Une fois n’est pas coutume, Robert Guédiguian quitte le Vieux Port de Marseille pour Paris, le temps d’un film. "L’armée du crime" raconte comment une poignée d’immigrés juifs luttent tous les jours, n’ayant rien à perdre sauf leur famille. Il s’agit d’un réseau de résistants ayant réellement existé, le célèbre groupe Manouchian des FTP-MOI (Francs-tireurs et partisans – Main d’œuvre immigrée), dont les membres étaient espagnols, hongrois, polonais, italiens, roumains, arméniens ou même français, et pour la plupart communistes. Vingt-deux d’entre eux furent fusillés en février 1944, ce qui offrit aux nazis un excellent moyen de propagande contre la Résistance, à travers des individus qui "prétendaient" libérer la France alors qu’ils étaient "étrangers, juifs et terroristes". [Dans la réalité ce fut l’effet contraire qui se produisit, les innombrables affiches qui envahirent Paris apportèrent surtout des soutiens à la Résistance].
On suit donc, durant deux heures vingt de pellicule, les actions, la vie et les différents rapports entre ces résistants et également entre eux et leurs proches.

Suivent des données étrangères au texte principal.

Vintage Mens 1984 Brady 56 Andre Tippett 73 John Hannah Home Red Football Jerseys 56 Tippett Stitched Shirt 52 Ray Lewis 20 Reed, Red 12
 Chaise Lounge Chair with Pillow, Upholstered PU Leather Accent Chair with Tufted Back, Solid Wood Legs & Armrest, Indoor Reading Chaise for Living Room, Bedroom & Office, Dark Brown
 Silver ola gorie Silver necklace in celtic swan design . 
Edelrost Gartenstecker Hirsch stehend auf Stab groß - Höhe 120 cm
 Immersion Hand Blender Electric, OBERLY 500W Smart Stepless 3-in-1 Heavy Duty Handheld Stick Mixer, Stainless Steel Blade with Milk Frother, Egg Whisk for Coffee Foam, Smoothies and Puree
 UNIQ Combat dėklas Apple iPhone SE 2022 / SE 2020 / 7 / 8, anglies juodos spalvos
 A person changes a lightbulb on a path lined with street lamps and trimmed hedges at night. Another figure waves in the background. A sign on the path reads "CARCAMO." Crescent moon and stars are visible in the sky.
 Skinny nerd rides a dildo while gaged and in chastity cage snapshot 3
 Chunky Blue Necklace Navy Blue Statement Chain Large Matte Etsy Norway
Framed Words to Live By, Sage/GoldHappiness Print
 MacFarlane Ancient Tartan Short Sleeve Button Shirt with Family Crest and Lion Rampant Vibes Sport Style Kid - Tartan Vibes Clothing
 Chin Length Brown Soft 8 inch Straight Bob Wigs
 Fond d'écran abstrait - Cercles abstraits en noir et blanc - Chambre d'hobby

Jusqu’ici, on a donc un film très respectable sur un thème difficile, rare au cinéma et souvent oublié par l’Histoire ; un film réalisé de plus par un ancien militant au PC, ouvrier d’origine germano-arménienne, connu pour décrire dans ses films un univers social où les gens sont liés par des idées politiques. Autrement dit, un thème idéal pour Robert Guédiguian. Seulement, si le réalisateur ne s’est pas trompé de sujet, c’est le sujet qui s’est trompé de réalisateur. En effet, on risque fort de passer à côté d’un tel sujet lorsqu’on a surtout fait des films militants où il ne se passe en général pas grand-chose.
Car c’est une très bonne idée de parler des communistes (et des étrangers) dans la Résistance, surtout quand on est personnellement concerné par le sujet – mais à condition de ne pas oublier de parler de la Résistance elle-même et pas uniquement des communistes. Certes, Guédiguian parle aussi de la Résistance. Mais c’est dans sa façon de présenter les choses qu’il n’atteint pas son but : il insiste trop sur la vie de chaque personnage ; sur la vie d’un groupe en dehors du monde extérieur, comme s’il combattait pour lui-même et lui seul ; sur des rapports humains dans un couple, entre deux frères, dans un autre couple. Des rapports qui ne sont pas inintéressants, c’est vrai, mais qui selon moi n’ont rien à faire dans un film sur des résistants, et de façon générale, quand on va voir un film sur une période historique, on s’attend à voir une description historique, pas uniquement la psychologie typique liée à la fraternité communiste.
Mais ici, non, et c’est dommage. On ne saura rien sur la genèse du groupe : la guerre d’Espagne et autres évènements qui les ont fait se battre avant de se réfugier en France, le Front populaire ou le pacte germano-soviétique. Tout ce à quoi on aura droit c’est une rapide scène où on voit un vendeur de journaux crier "Hitler a envahi la Russie !" (un épisode essentiel puisque c’est ce qui poussera les communistes à entrer dans la Résistance, mais Guédiguian n’en parle presque pas, or ce devrait être la base même du film non ?). On ne saura pas grand-chose non plus sur le rôle des communistes dans la Résistance. Au final on sortira du cinéma en n’ayant quasiment rien appris.
Pour en venir au film proprement dit, il a ses qualités, il a ses défauts. Les acteurs jouent bien. La mise en scène est très bien. Le film n’est absolument pas mauvais, loin de là. Malheureusement, deux heures vingt quand il n’y a pas beaucoup de rythme, c’est très long, et ça signifie essayer de comprendre qui est qui et qui fait quoi. Une fois qu’on y est arrivé, on se rend compte qu’il y a trop de personnages, auxquels on aura du mal à s’identifier, sauf à Marcel Rayman parce qu’il a plus de caractère que les autres. Ensuite, on ne se rend jamais compte que le film s’étend de 1941 à 1944 (ou de 1940 à 1944 ?), d’autant plus que Guédiguian a volontairement modifié la chronologie des faits. Enfin, très inspiré par ses propres origines, il semble en oublier les autres nationalités, ce qui aurait pourtant permis à une bonne partie des spectateurs de se sentir concernés eux aussi.
En résumé, c’est triste de le dire, mais ce film n’est pas indispensable, surtout si on n’est pas un inconditionnel de Guédiguian. Cependant c’est un avis purement personnel, et si vous voulez y aller allez-y, il a d’ailleurs ce grand mérite d’avoir traité ce sujet. Sinon allez à la Cinémathèque voir "L’Affiche rouge" de Cassenti … vous en apprendrez sûrement plus en moins de temps.